The Great Orgasm Gap: When Objectification and Emotional Labor Collide

Friday, March 14, 2025.

Heterosexual relationships, like so many aspects of modern civilization, are riddled with curious inefficiencies.

One of the more persistent ones is the orgasm gap—a statistically significant phenomenon in which men reach climax far more frequently than women during partnered sex.

For decades, biologists speculated about anatomical justifications for this inequity, but social scientists, armed with the formidable power of objectification theory, have arrived at a new and troubling possibility:

Women, when treated more like aesthetic objects than sentient beings, have a harder time enjoying themselves.

A new study published in the Journal of Social and Personal Relationships lays out the grim mechanics of this dynamic.

It turns out that when women perceive their male partners as objectifying them—valuing them primarily for their sexual utility rather than their full humanity—their orgasm rates decline.

Meanwhile, their workload in the realm of sexual emotional labor increases. This includes such taxing activities as pretending to have an orgasm, feigning desire, and enduring discomfort with the stoicism of a Victorian governess.

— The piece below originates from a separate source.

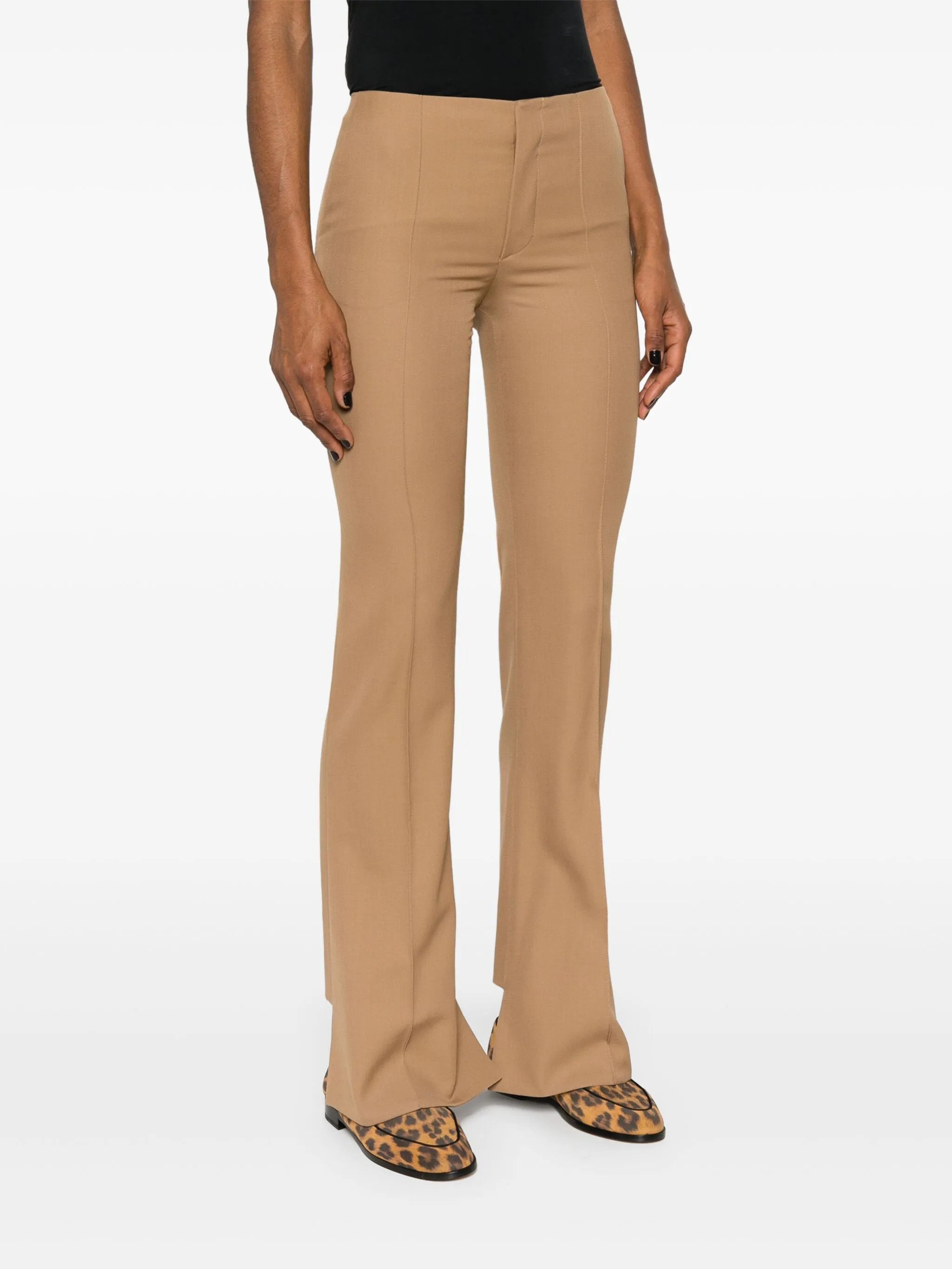 Chloe o1s22i1n0425 Asymmetric Hem Pant in Beige Size 26" / US 2 / IT 38 - 3 Thumbnail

A Scientific Deep Dive into Objectification and Orgasm

This study, spearheaded by researchers Katie Read and Verena Klein of the University of Southampton, recruited 160 heterosexual couples in long-term relationships (nearly 14 years on average, suggesting many had spent more time selecting a Netflix show together than engaging in physical intimacy). Each partner answered questions about objectification:

  • Women reported on self-objectification (how much they saw themselves through the eyes of others),

  • Their perception of their partner’s objectification of them,

  • Their orgasm frequency (or tragic lack thereof), and

  • Their level of sexual emotional labor (which, in a just world, would come with hazard pay).

Men, for their part, self-reported their tendency to objectify their partner.

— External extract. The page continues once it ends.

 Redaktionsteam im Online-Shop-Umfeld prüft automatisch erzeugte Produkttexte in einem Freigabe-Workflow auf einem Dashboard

The results painted a bleak but familiar picture:

  • Women who reported higher self-objectification were more likely to engage in sexual emotional labor—engaging in all sorts of performative nonsense to make the experience more enjoyable for their partner while sacrificing their own pleasure.

  • But self-objectification alone wasn’t what caused lower orgasm rates. Instead, the real culprit was perceived partner objectification—the more women felt objectified by their partner, the less frequently they experienced orgasm.

Men’s self-reported levels of objectification, curiously, did not align neatly with their partners' reports of feeling objectified.

This suggests one of two possibilities: either men aren’t very self-aware, or women—having spent a lifetime marinating in objectifying cultural messages—have developed an enhanced capacity for detecting even the subtlest signals of dehumanization.

The Perception Gap: Do Men Even Know They’re Doing It?

One of the study’s more darkly comic revelations is that men’s self-reported levels of objectifying their partners were only weakly correlated with their partner’s perceptions.

Some women felt profoundly objectified despite their partners reporting little such behavior, while others felt less objectified despite partners self-reporting moderate to high levels of objectification.

This suggests that women’s perceptions of objectification might be shaped not just by their individual partners but by broader societal messages that define women’s worth through a lens of desirability.

If the entire world has been training you since adolescence to monitor your looks like a beleaguered mall security guard, your partner’s stray glance at a passing stranger may land like an emotional grenade.

Adding to the confusion, previous research has shown that men tend to underestimate gendered inequalities in relationships, whether in orgasm frequency, sexual coercion, or the sheer drudgery of emotional labor.

The orgasm gap itself is often invisible to men, whose enjoyment of sex does not require the elaborate internal calculus of pleasure, performativity, and patriarchy that many women navigate.

Why This Matters: Beyond the Bedroom

The implications of this study go far beyond individual relationships.

If women’s perception of being objectified is a key driver of sexual dissatisfaction, then addressing the orgasm gap means not just tweaking technique but fundamentally shifting how men engage with women as people.

The authors suggest that future research should expand beyond this study’s relatively homogenous sample (mostly white, heterosexual, cisgender couples) to explore whether these dynamics hold across different ethnicities, sexual orientations, and gender identities.

Moreover, a more experimental study design could clarify whether objectification perception is the cause of orgasmic difficulties or merely correlated with them.

In the meantime, a simple, actionable takeaway for men: If you would like your partner to have a more fulfilling sexual experience, consider treating her like a full human being rather than an interactive display at a car show. Science, once again, has spoken.

Be Well, Stay Kind, and Godspeed.

REFERENCES:

Read, K., Kılıç, D., Kahalon, R., & Klein, V. (2024). The dual lens of objectification: Perceived objectification, male partners’ reported objectification, and women’s detrimental sexual outcomes. Journal of Social and Personal Relationships.